(Scraped caption text data)

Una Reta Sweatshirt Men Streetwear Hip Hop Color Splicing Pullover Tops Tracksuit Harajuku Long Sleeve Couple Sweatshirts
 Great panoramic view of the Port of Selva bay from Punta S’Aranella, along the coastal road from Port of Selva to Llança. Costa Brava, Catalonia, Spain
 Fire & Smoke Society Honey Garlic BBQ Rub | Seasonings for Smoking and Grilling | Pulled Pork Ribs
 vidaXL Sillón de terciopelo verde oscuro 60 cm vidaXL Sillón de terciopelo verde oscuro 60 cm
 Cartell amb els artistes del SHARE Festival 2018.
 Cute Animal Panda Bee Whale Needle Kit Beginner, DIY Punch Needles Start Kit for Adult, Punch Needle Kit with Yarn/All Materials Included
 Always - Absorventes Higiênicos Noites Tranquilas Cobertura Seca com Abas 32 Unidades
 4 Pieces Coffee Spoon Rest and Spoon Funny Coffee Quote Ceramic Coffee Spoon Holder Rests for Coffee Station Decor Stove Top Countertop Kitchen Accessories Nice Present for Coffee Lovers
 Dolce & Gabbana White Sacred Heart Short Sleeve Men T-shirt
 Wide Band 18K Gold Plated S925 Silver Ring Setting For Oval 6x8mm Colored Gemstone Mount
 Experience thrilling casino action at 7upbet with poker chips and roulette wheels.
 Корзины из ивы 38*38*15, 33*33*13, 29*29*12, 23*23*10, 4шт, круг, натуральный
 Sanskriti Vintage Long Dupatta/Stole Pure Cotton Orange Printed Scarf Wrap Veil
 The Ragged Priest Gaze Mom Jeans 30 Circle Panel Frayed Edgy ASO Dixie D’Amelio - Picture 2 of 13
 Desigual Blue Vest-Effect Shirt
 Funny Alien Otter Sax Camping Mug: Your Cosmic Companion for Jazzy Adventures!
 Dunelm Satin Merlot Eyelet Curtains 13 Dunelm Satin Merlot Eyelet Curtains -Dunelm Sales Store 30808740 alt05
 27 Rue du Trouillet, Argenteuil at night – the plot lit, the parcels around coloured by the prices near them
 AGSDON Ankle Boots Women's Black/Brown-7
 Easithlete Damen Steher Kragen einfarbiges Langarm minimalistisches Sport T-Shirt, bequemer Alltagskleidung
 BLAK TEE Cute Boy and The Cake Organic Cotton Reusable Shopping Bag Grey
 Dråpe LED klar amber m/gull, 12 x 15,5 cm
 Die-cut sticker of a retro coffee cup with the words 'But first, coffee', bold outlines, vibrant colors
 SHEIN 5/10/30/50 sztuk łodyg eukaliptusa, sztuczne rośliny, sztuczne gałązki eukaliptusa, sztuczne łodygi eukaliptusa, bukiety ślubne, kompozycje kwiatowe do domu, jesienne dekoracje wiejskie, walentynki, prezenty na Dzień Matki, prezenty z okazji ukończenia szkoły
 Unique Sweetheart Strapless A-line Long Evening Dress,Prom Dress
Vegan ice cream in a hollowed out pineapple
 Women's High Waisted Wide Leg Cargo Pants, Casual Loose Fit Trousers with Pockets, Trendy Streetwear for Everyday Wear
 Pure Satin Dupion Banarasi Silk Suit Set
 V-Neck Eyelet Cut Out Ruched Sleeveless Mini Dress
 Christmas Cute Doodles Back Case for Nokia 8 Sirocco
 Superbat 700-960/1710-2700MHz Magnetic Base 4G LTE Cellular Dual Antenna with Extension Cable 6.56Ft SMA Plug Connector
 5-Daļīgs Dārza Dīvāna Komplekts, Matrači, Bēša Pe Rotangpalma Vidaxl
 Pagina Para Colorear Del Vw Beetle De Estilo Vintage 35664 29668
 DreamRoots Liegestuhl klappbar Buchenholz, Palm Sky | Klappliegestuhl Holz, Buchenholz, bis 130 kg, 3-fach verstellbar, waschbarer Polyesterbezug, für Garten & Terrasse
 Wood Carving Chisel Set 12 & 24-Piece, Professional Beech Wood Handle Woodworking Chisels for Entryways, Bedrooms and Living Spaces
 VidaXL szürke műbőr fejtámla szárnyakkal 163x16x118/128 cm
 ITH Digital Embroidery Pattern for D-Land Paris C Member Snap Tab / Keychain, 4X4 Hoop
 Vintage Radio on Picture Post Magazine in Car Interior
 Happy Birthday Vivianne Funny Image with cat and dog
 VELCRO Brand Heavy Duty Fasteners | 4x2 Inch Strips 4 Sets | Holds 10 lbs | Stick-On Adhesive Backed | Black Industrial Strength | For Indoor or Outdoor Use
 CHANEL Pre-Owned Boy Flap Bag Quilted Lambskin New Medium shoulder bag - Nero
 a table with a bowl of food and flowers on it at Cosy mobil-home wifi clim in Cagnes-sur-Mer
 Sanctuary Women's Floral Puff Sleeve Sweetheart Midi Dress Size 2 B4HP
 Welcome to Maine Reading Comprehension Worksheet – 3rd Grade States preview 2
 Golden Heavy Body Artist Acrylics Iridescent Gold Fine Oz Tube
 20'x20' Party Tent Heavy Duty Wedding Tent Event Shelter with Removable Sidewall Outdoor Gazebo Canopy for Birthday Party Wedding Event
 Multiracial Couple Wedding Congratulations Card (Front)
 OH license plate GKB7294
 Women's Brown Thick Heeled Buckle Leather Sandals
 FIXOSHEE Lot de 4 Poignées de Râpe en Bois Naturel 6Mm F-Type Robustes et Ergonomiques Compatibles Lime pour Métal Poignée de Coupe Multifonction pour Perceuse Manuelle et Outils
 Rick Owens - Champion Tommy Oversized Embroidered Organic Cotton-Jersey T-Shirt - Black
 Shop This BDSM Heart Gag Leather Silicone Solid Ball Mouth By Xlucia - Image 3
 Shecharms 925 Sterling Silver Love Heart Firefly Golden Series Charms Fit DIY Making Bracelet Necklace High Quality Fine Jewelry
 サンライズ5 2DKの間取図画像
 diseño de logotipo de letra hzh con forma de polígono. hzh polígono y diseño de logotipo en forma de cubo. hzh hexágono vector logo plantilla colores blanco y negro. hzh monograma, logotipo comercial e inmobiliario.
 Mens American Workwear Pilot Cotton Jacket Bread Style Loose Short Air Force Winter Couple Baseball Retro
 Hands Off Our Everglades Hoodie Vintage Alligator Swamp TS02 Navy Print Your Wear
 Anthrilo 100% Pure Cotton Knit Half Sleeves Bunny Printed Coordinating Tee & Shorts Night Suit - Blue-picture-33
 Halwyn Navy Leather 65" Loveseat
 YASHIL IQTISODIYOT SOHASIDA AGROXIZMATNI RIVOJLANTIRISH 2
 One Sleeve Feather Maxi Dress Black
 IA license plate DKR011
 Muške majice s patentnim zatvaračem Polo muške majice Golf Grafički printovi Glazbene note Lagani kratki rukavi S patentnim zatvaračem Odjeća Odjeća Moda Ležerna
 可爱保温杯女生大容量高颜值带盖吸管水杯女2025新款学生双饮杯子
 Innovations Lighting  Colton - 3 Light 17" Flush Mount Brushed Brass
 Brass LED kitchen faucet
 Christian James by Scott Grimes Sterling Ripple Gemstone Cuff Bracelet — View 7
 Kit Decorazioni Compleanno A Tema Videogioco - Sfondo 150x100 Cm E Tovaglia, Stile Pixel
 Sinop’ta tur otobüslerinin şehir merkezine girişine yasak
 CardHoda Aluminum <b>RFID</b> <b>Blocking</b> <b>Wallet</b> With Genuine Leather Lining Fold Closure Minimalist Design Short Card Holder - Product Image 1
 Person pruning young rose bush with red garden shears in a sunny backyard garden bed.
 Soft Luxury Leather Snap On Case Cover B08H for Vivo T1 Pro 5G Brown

▶ **Work order**: For the string "Sterling", show each line of the entries above where it occurs.

▶ **Reply to the task**:
 Shecharms 925 Sterling Silver Love Heart Firefly Golden Series Charms Fit DIY Making Bracelet Necklace High Quality Fine Jewelry
 Christian James by Scott Grimes Sterling Ripple Gemstone Cuff Bracelet — View 7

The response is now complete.